The men encountered an Arctic in transition. They stopped at the few villages along the way and met with local Inuit who discussed matter-of-factly how their traditional subsistence activities are being reshaped, while the ground beneath them and the sea beyond shift before their eyes. In Tuktoyaktuk they find a village eroding into the ocean as the permafrost beneath it melts and the shoreline is eaten away by tides growing stronger in the increasing absence of ice. Residents of Paulatuk explain newfound dangers traveling the ice, which forms later and melts sooner than it did even 20 years ago, and is no longer dependably stable for traveling atop and hunting.
On those rare occasions when they arrived in a community the men checked social media sites where their trip was being tracked, and where climate science deniers attacked them ruthlessly from behind the safety of computer monitors and screen names, leading Vallely to ponder the disconnect between what he was seeing and the misguided beliefs of his critics,
"I'm struck by the disconnect between the rhetoric being spat at us and the experiences of people who actually live in the Arctic. Everyone we've spoken to so far talks of huge change here, of a fundamental shift in climatic conditions, yet their voices are being ignored."
This gets to the crux of his concern. The Arctic remains remote to most people on Earth, yet what happens there impacts them in ways they do not recognize. Vallely presents a highly accessible and well sourced summary of jet streams, ocean currents, warming surface air, and other factors that are wreaking havoc on weather patters thousands of miles away. As climate stability vanishes in the Arctic, it takes the rest of the planet with it.
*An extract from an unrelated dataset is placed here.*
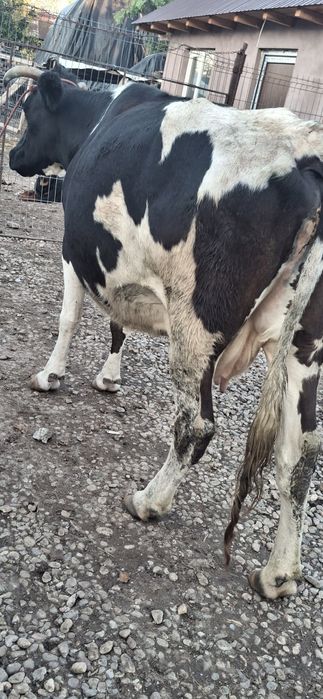 Vaca de vanzare gestanta in 7 luni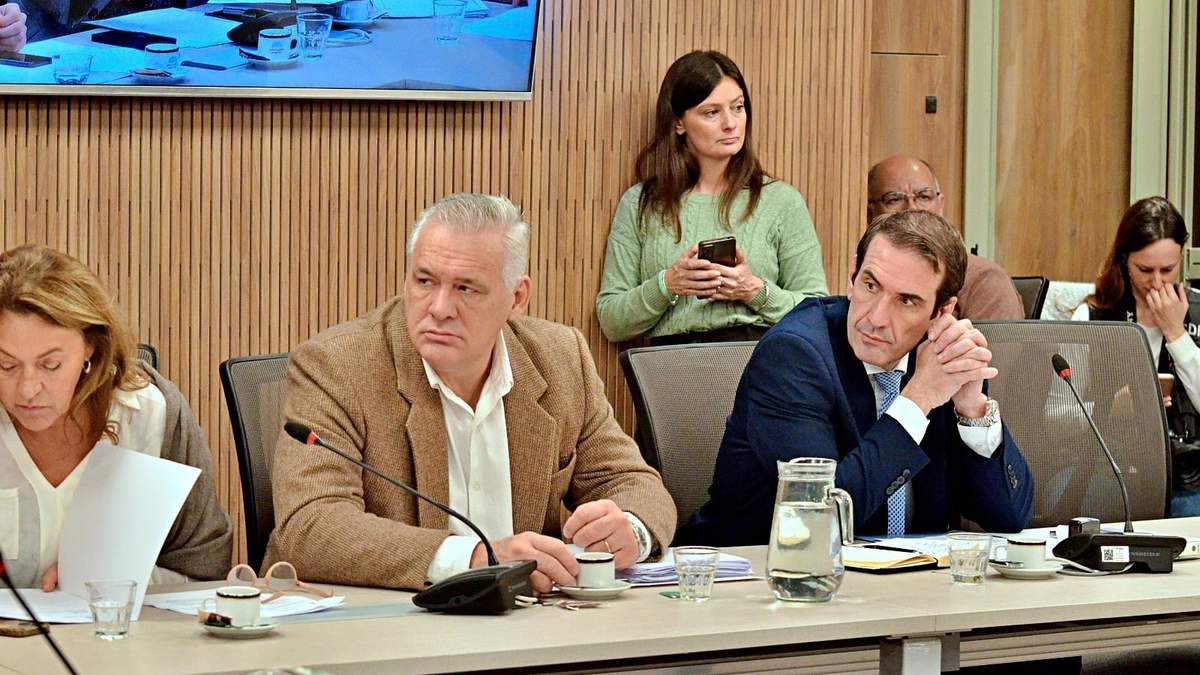 Pablo Cervi durante la reunión en Diputados. Fuente: (Twitter)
Of course it's not all doom and gloom. Wildlife sightings abound for the men, and at one point they get charged by a grizzly bear. Vallely reminds readers that bowhead whales — a creature they encounter near their comparatively tiny vessel — weigh roughly the same as the space shuttle. Musk oxen and caribou wander through. People in sailboats, on jet skis, and a lone kayaker attempting the same route cross their path. More numerous than human habitations are Distant Early Warning Line stations spread across the continental cusp to their south. They stand as relics of the Cold War, and though they are now operated remotely, the men are detected by camera while nosing around one site and ordered by loudspeaker to leave. And the ghosts of the Franklin Expedition haunt these pages more than once.
Vallely's decision to recount the voyage in present tense helps readers feel like they're along for the ride. His account of the modern Arctic is gripping. We have plenty of stories about the region from the golden age of exploration, but modern tales are fewer. More are sure to come, but in the meantime, "Rowing the Northwest Passage" will provide the curious with a place to start.